But by the late 1920s, the infamous automobile tycoon Henry Ford set out to break the back of this rubbery monopoly. His hundreds of thousands of new cars needed millions of tires, which were very expensive to produce when buying raw materials from the established rubber lords. To that end, he established Fordlândia, a tiny piece of America which was transplanted into the Amazon rain forest for a single purpose: to create the largest rubber plantation on the planet. Though enormously ambitious, the project was ultimately a fantastic failure.
In the year 1929, Ford hired a native Brazilian named Villares to survey the Amazon for a suitable location to host the massive undertaking. Brazil seemed the ideal choice considering that the trees in question were native to the region, and the rubber harvest could be shipped to the tire factories in the US by land rather than by sea. On Villares' advice, Ford purchased a 25,000 square kilometer tract of land along the Amazon river, and immediately began to develop the area. A barge-toting steamer arrived with earth-moving equipment, a pile driver, tractors, stump pullers, a locomotive, ice-making machines, and prefabricated buildings. Workers began erecting a rubber processing plant as the surrounding area was razed of vegetation.
A typical Fordlandia house
Scores of Ford employees were relocated to the site, and over the first few months an American-as-apple-pie community sprung up from what was once a jungle wilderness. It included a power plant, a modern hospital, a library, a golf course, a hotel, and rows of white clapboard houses with wicker patio furniture. As the town's population grew, all manner of businesses followed, including tailors, shops, bakeries, butcher shops, restaurants, and shoemakers. It grew into a thriving community with Model T Fords frequenting the neatly paved streets.
Outside of the residential area, long rows of freshly-planted saplings soon dotted the landscape. Ford chose not to employ any botanists in the development of Fordlândia's rubber tree fields, instead relying on the cleverness of company engineers. Having no prior knowledge of rubber-raising, the engineers made their best guess, and planted about two hundred trees per acre despite the fact that there were only about seven wild rubber trees per acre in the Amazon jungle. The plantations of East Asia were packed with flourishing trees, so it seemed reasonable to assume that the trees' native land would be just as accommodating.

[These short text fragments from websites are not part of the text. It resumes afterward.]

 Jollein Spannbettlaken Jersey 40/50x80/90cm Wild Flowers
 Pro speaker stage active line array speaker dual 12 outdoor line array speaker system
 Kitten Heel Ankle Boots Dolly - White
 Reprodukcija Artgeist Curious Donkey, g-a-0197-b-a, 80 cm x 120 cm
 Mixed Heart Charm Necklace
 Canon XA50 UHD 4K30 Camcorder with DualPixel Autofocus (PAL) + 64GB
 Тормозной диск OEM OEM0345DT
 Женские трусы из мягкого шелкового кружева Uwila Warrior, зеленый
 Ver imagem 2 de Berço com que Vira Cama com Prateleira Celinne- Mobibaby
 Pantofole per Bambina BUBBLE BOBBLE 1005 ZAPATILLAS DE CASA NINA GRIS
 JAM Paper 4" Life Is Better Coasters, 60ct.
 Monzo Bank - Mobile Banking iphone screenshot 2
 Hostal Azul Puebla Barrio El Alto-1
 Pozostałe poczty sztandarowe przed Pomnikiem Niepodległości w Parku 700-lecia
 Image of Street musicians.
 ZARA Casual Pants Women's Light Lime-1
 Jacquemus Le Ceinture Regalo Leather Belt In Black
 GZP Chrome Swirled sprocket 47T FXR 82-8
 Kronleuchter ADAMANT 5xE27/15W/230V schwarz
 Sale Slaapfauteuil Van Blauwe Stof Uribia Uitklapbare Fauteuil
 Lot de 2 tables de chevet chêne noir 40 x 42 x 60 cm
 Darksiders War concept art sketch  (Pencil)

Henry Ford's miniature America in the jungle attracted a slew of workers. Local laborers were offered a wage of thirty-seven cents a day to work on the fields of Fordlândia, which was about double the normal rate for that line of work. But Ford's effort to transplant America-- what he called "the healthy lifestyle"-- was not limited to American buildings, but also included mandatory "American" lifestyle and values. The plantation's cafeterias were self-serve, which was not the local custom, and they provided only American fare such as hamburgers. Workers had to live in American-style houses, and they were each assigned a number which they had to wear on a badge-- the cost of which was deducted from their first paycheck. Brazilian laborers were also required to attend squeaky-clean American festivities on weekends, such as poetry readings, square-dancing, and English-language sing-alongs.
One of the more jarring cultural differences was Henry Ford's mini-prohibition. Alcohol was strictly forbidden inside Fordlândia, even within the workers' homes, on pain of immediate termination.
Fordlandia's barren fields
This led some industrious locals to establish businesses-of-ill-repute beyond the outskirts of town, allowing workers to exchange their generous pay for the comforts of rum and women.
While the community struggled along month-to-month with its disgruntled workforce, it was also faced with a rubber dilemma. The tiny saplings weren't growing at all. The hilly terrain hemorrhaged all of its topsoil, leaving infertile, rocky soil behind. Those trees which were able to survive into arbor adolescence were soon stricken with a leaf blight that ate away the leaves and left the trees stunted and useless. Ford's managers battled the fungus heroically, but they were not armed with the necessary knowledge of horticulture, and their efforts proved futile.